By way of example, our Consulting and Operations teams have already produced several AI proofs of concept and deployed various solutions in its activities. To illustrate this approach, here are two examples of projects carried out by the group in recent months.
The first project, AI For Infra Monitoring, which began at the end of the first half of 2022, deals with the predictive maintenance of infrastructures, in particular roads. Conducted with partner IRIS GO, this project, piloted between France and Australia (the Egis sponsor of the project is Mark Woolstencroft), addressed the following goal: can we automatically identify defects in the road and ROW assets (road markings, guardrails, signage)? The answer is yes!
All it took to achieve this innovation was to train artificial intelligence to recognise defects (using supervised machine learning). The machine identifies and locates the problem so that the team can take charge of it and solve it.

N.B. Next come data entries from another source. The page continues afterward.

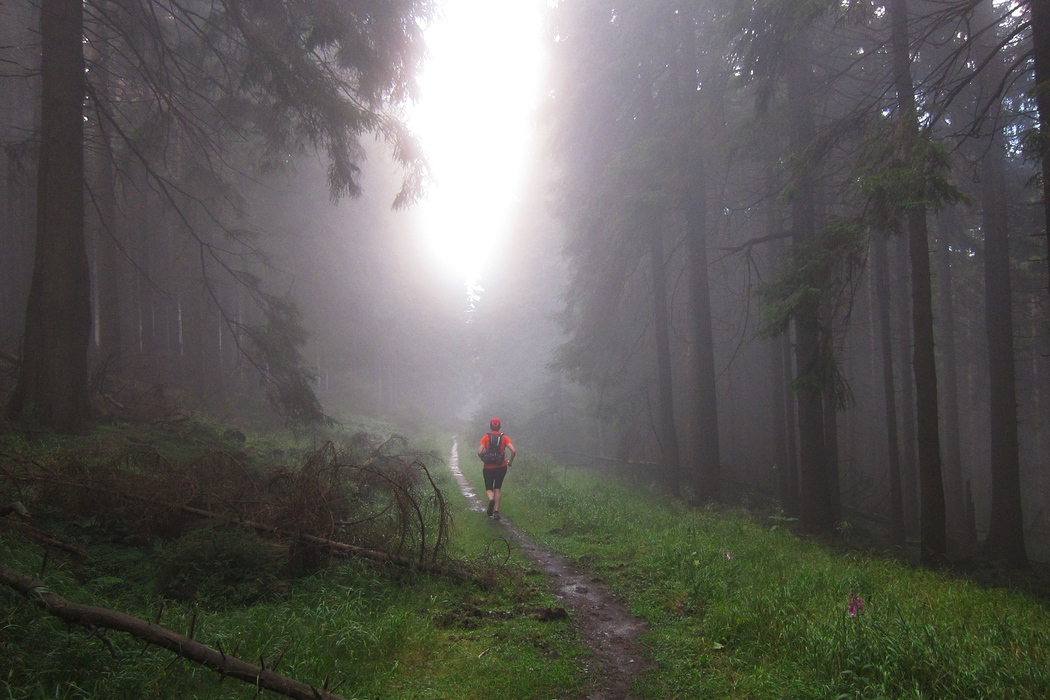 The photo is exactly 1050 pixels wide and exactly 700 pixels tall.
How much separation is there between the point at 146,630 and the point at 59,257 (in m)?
7.64

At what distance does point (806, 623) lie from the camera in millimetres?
5109

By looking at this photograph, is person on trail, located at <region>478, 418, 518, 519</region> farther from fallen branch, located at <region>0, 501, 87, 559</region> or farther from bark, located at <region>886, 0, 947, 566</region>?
fallen branch, located at <region>0, 501, 87, 559</region>

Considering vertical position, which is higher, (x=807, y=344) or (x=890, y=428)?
(x=807, y=344)

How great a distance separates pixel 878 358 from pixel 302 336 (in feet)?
74.2

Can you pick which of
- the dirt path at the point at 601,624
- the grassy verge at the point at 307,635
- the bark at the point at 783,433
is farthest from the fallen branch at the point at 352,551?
the bark at the point at 783,433

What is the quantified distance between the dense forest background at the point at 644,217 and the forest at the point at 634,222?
8 cm

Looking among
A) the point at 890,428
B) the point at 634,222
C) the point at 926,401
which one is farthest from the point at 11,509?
the point at 890,428

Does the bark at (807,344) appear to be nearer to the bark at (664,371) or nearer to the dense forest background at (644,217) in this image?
the dense forest background at (644,217)

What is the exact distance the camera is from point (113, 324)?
14.3 metres

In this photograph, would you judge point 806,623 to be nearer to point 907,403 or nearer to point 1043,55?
point 1043,55

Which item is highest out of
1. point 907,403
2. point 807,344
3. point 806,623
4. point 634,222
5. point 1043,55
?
point 1043,55

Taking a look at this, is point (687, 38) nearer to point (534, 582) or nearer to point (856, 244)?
point (856, 244)

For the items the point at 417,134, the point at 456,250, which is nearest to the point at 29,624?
the point at 417,134

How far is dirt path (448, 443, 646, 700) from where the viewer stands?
4.79 meters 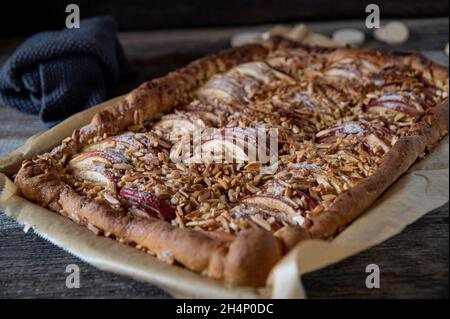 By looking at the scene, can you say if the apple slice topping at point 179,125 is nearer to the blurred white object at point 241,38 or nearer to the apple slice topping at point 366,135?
the apple slice topping at point 366,135

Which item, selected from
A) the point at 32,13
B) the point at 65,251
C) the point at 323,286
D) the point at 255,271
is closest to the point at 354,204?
the point at 323,286

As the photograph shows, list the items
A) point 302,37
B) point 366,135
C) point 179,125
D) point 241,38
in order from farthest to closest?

The solution now exists in the form of a Proof of Concept (POC) for in-depth evaluation. It makes it possible to continuously monitor the infrastructure and improve inspection quality. Staff safety, efficiency and responsiveness are enhanced, as is the quality of reports, because this technology interfaces easily with existing solutions (GIS, ERP and asset management).
The second project, Satellite Monitoring, deployed in Portugal in 2020 and in Turkey during 2023, involves the satellite surveillance of roads and their environment. The aim is to improve the efficiency of monitoring and the optimisation of work when necessary. Thanks to AI, it is possible to anticipate changes in the roadway and its immediate environment (terrain and vegetation).
In the first phase of the project, the objective was restricted to preventing landslides and monitoring vegetation (detecting tree diseases, for example). In the second phase, monitoring was extended to the road surface, structures, road markings and railings. The solution also includes an assessment of the site's carbon storage.
This innovation, based on the processing of satellite images by AI, makes it possible to look at the past, manage the present and anticipate the future.
Ultimately, computer vision, based on identifying the content of photos and videos, gives the machine a certain 'perception' of its external environment. There are an ever-increasing number of applications for this, ranging from facial recognition to unlock smartphones, to early detection of cancerous tumours, to autonomous vehicles that "perceive" their environment. Machine vision is everywhere!